De quoi parle-t-on ?

La Bible en français est bien connue avant le treizième siècle quand paraît la Bible historiale grâce à de nombreux poèmes romancés écrits en vers destinés à raconter la Bible.

La Bible historiale de Guyart-des-Moulins (1297) est un texte fondateur. Guyart-des-Moulins, traducteur de 'l'Historia Scholastica', rédige une traduction exhaustive, fidèle et cultivée de la Bible latine à partir des années 1330/1340. Guyart-des-Moulins se fonde en premier lieu sur le texte authentique de Comestor pour structurer son ouvrage en chapitres. Rappelons que la division en verset est largement postérieure à l'époque médiévale. Cependant le texte littéral et authentique de la Vulgate n’avait point été transcrit dans le Comestor, et c'est en cela que Guyart se démarque de son modèle. C'est ainsi que la bible historiale est bien devenue une Bible glosée.

C’est également une traduction de l’Historia Scholastica parce que l’ouvrage respecte la division en chapitres de Comestor et traduit dans le Pentateuque, en caractères plus petits entre chaque extrait de la Vulgate, un paragraphe de Comestor. Ce livre a été largement diffusé et lu. Il constitue le versant officiel de l’Histoire de la Bible en français au Moyen Âge.

Qu'est-ce que la Bible Historiale

Entre la parution de la Vulgate et le XIe siècle en France, la Bible est essentiellement lue en latin.

La Réforme de la Vulgate dans l’Empire franc est l’œuvre de Charlemagne et la papauté n’a eu qu’une influence mineure. Le siècle de Charlemagne est[1] celui de « l’affrontement et de la dispersion de deux types de manuscrits, ceux émanant d’Angleterre et ceux circulant depuis l’Espagne ». Deux hommes vont incarner cet antagonisme, Alcuin et Théodulfe. Le premier fait venir, en 796, de York, sa ville natale, la bibliothèque que lui a léguée son maître avec les meilleurs manuscrits de la Vulgate qu’il connaissait. Or ce dernier est l’héritier du travail déjà ancien entrepris auparavant en Angleterre sur la Bible où se développent précocement en Europe les premières traductions en langue vernaculaire du texte latin. La période carolingienne est donc, avec Alcuin et Théodulfe, la grande période charnière de redécouverte du texte avant la grande réforme franciscaine des textes latins. Il est même important de rappeler que l’Université, avant la réforme carolingienne ne connaissait le texte que de seconde main. Rappelons enfin que l'éradication des pratiques païennes dans les provinces bretonnes, par exemple, date du IXe siècle. Entre le XIe et XIIIe siècles, on raconte la Bible en français. C'est-à-dire qu'on écrit un roman en vers qui expose les faits des héros bibliques. Il s'agit de longs poèmes en vers qui racontent de manière subjective ces aventures. Les récits sont parfois elliptiques ou romancés pour en faciliter le souvenir : il s'agit en fait d'une catéchèse.
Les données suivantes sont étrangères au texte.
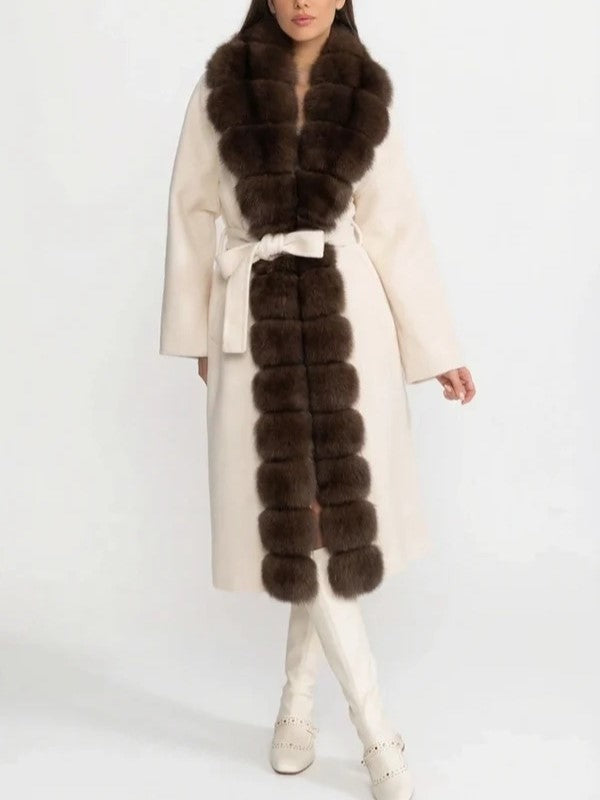 Cream Faux Fur Trim Belted Coat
En même temps, on raconte aussi les histoires de la Bible en latin : c'est le texte de Comestor intitulé « L'Historia Scholastica ». Il s'agit d'un ouvrage rédigé à l'intention des moines itinérants en guise de pro memoria dans la perspective des disputes qu'ils auraient pu avoir à soutenir. Il s'agit de petits ouvrages qui traitent de la matière biblique en la divisant en chapitres clairement distingués. Pour chaque personnage, on trouve mention d'une citation de la Glossa Ordinaria ou d'un fait d'érudition.

Le texte latin de l'« Historia Scholastica » de Petrus Comestor, vade-mecum des moines itinérants, premier livre d’histoire de la main de Petrus Comestor (1179), s’est imposé pendant une courte période de l’histoire comme référence incontestable et unique encyclopédie à portée de main tant des étudiants que des moines prêcheurs ou des femmes que l’on peut, à la lumière des belles histoires racontées par Le Mangeur, qualifier de romanesques.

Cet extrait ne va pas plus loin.